I wrote to Support and they set up a second vehicle on my account (+tag+) to receive *UberXL* requests *only*. I have an XL vehicle, and this gives me the option of going online for X/XL, or just XL alone.

Great...but it doesn't work. The first time I tried it, the first request I got was for a Pool ride. Automatically thinking it was XL, I accepted and took the nice lady where she wanted to go. Didn't realize it was Pool until I checked my payments statement.

Today, I tried XL only again. I got an XL request, but it was immediately canceled. Then, boom -- TWO pool rides with the riders standing right next to each other.

I've already written to Support again, but I have two questions for the learned techies here:

Is there any way for me to test the option when they fix it -- other than just seeing what happens?
Is there any way for me to set it up myself?
Thanks in advance for any help.


----------



## JimKE (Oct 28, 2016)

Got a response from Support -- actually legibly written for once! 

In response to my complaint that my +tag+ account DOES NOT WORK, they say they checked and I am already set up for XL only on the +tag+ account!

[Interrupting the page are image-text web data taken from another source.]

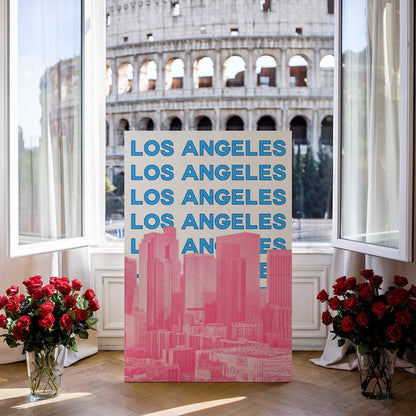 Tablou Canvas Los Angeles in culori vibrante pop-art | The Print Studio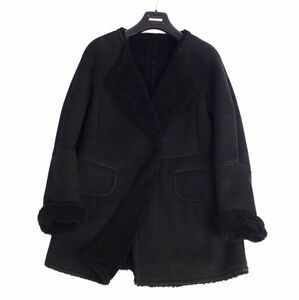 美品 ジルサンダー JIL SANDER ジャケット コート ムートンコート ノーカラー アウター レディース 34(S相当) ブラック cg10ob-rm10f06846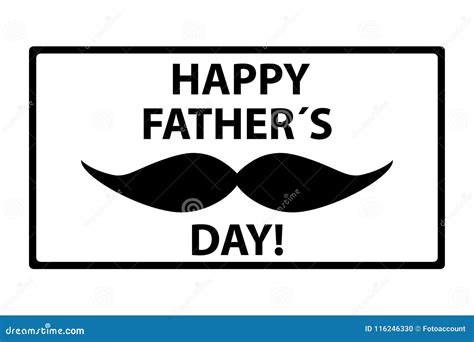 Happy Fathers Day Moustache Icon Vector Illustration Isolated On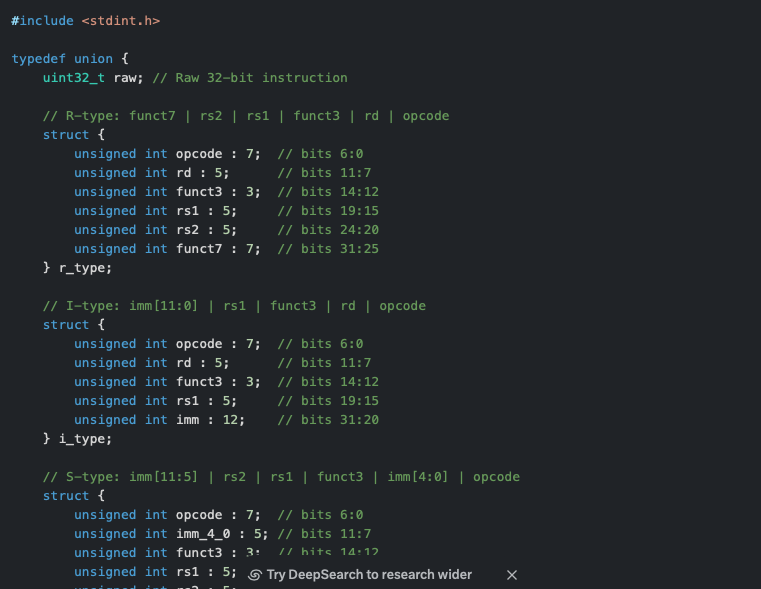 samsoniuk's tweet image. I asked grok to describe a union of bit field structs that maps correctly all RV32I instructions and the respective bit fields... but I was surprised that some friends never had saw bit fields before, although it was part of original K&amp;amp;R, back in 1978! 😁
x.com/i/grok/share/p…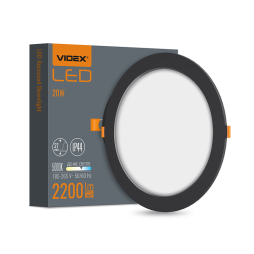Светильник светодиодный врезной VIDEX VL-DLBR-205B DownLight 20W круглый 5000K Черный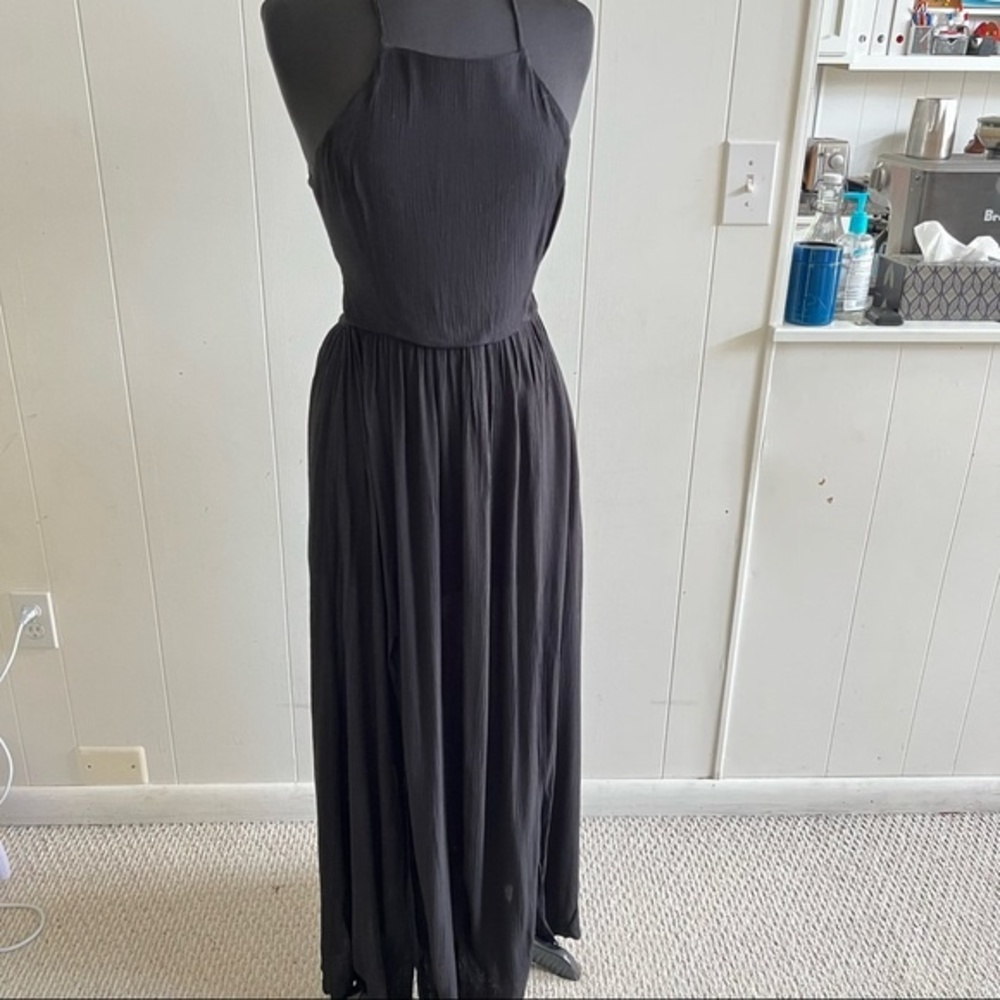 Lulu’s Heart's Desire Black Lace-Up Maxi Dress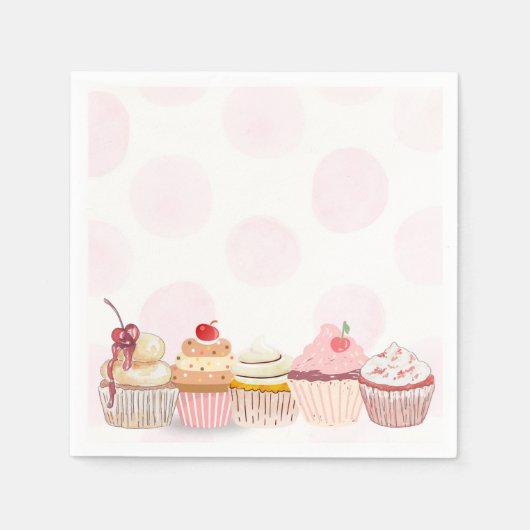 Sweet One Cupcake Birthday Party スタンダードカクテルナプキン (正面)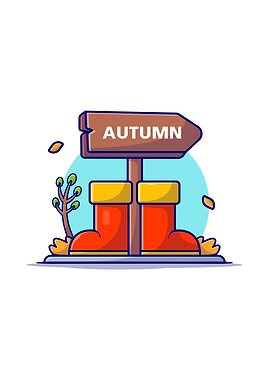 Autumn Sign With Boot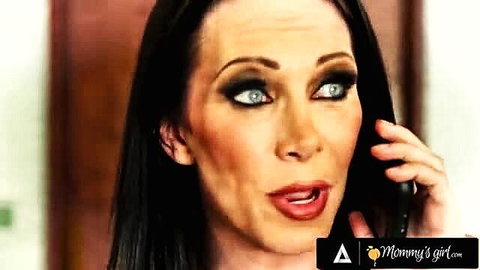 Hot brunette MILF with bold makeup on phone call, seductive expression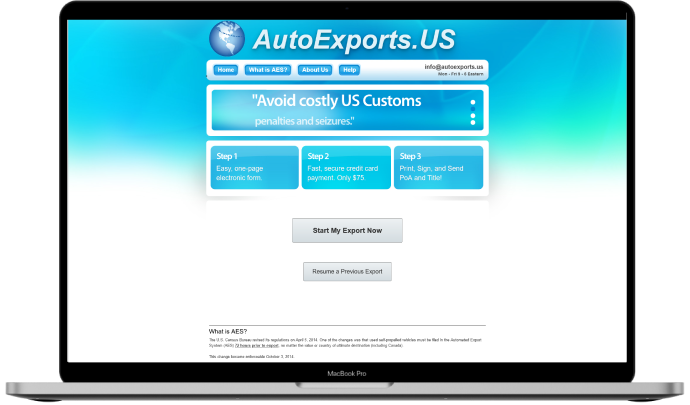 Desktop screen preview of the previous design for an Autoexports platform, showcasing features related to automotive exports and trade.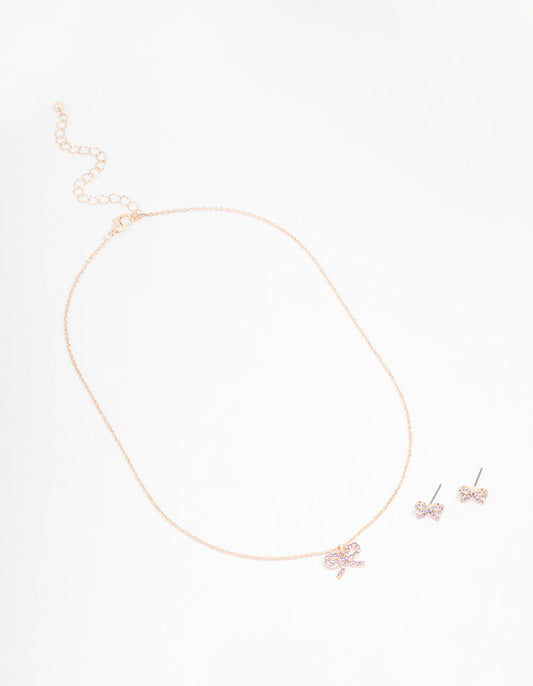 Rose Gold Bow Diamante Jewellery Set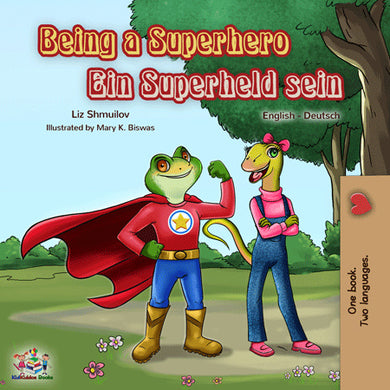Bilingual-English-German-children's-book-Being-a-superhero-cover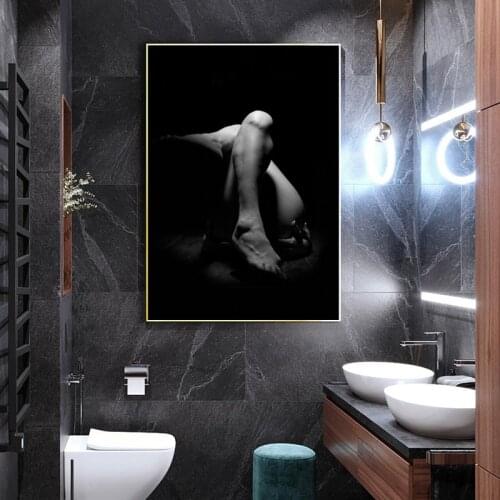 Black Nude Women Portrait Posters and Prints Canvas Painting Wall Art Pictures for Toilet Living Bath Room Home Decor No Frame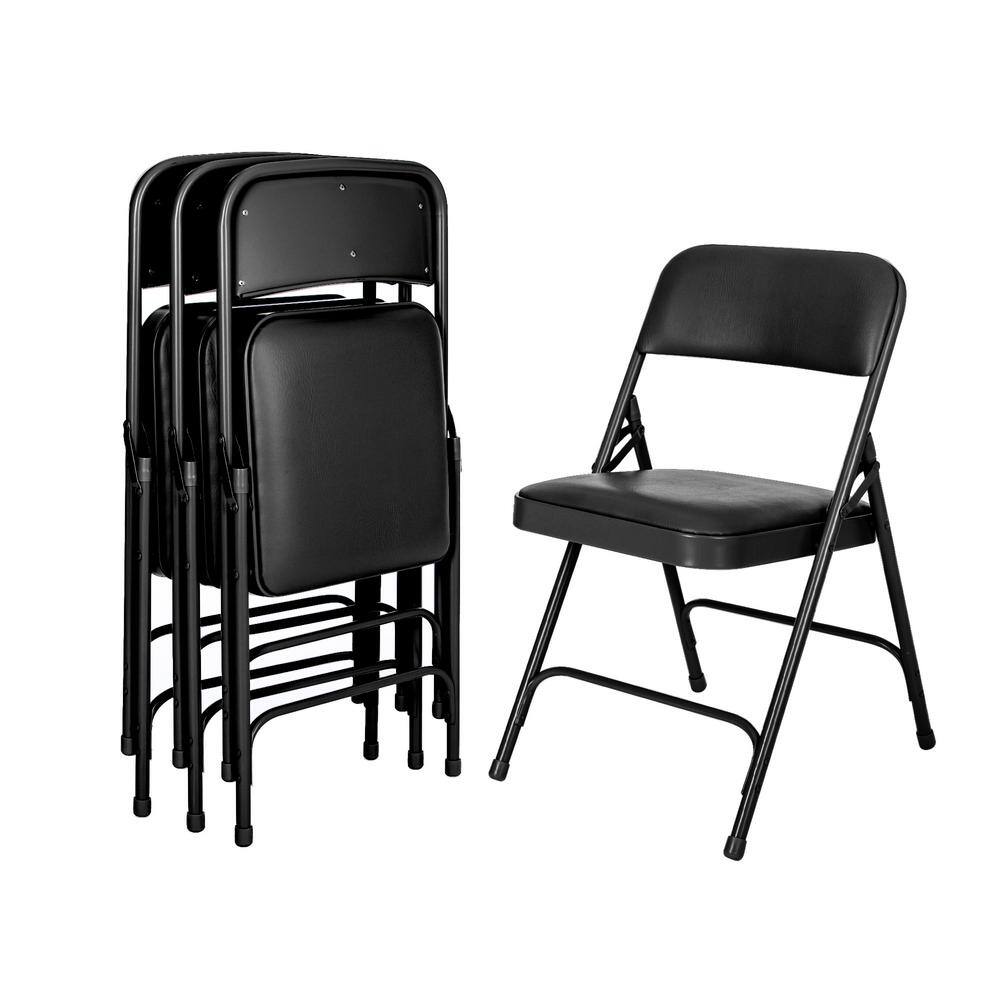None Bernadine Dining Folding Chair with Vinyl Seat, Black, Pack of 4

In other words, they didn't really read my request for help.


----------



## JimKE (Oct 28, 2016)

Sent another request to support and this time someone actually at least read it. Here's the reply I got:

_"So sorry to hear about this issue with your vehicle, Jim. Glad to help. Upon checking here, it seems that there are some incorrect tagging on your vehicle here in our system that's why you are still receiving uberPOOL or uberX requests from your uberXL ONLY option. No worries, I've gone ahead and made sure that your vehicle (+tag+) is set up to receive uberXL only trips.

Please remember to restart your phone before going online to make sure that your app is updated with these changes. If there's anything else we can help you with, please let us know."
_
We'll see. I'll try again tomorrow.


----------



## steveK2016 (Jul 31, 2016)

It took a couple of rounds before they get my select only profile right. Theyll get there.... Eventually


----------



## Jzaktoo (Dec 23, 2016)

Just hope you get XL only trips. Since the last user app update in the Miami market it is hard to find the XL request as it is all the way at the end. And most pax don't know how to navigate the updated app.


----------



## JimKE (Oct 28, 2016)

Jzaktoo said:


> Just hope you get XL only trips. Since the last user app update in the Miami market it is hard to find the XL request as it is all the way at the end. And most pax don't know how to navigate the updated app.


You're certainly right about that! Pool/X first, then Lux/LuxSUV to scare the pee out of them, and finally XL...if you swipe enough times.

That said, I have had several XL pings on X/XL. I don't actually use XL-only much.


----------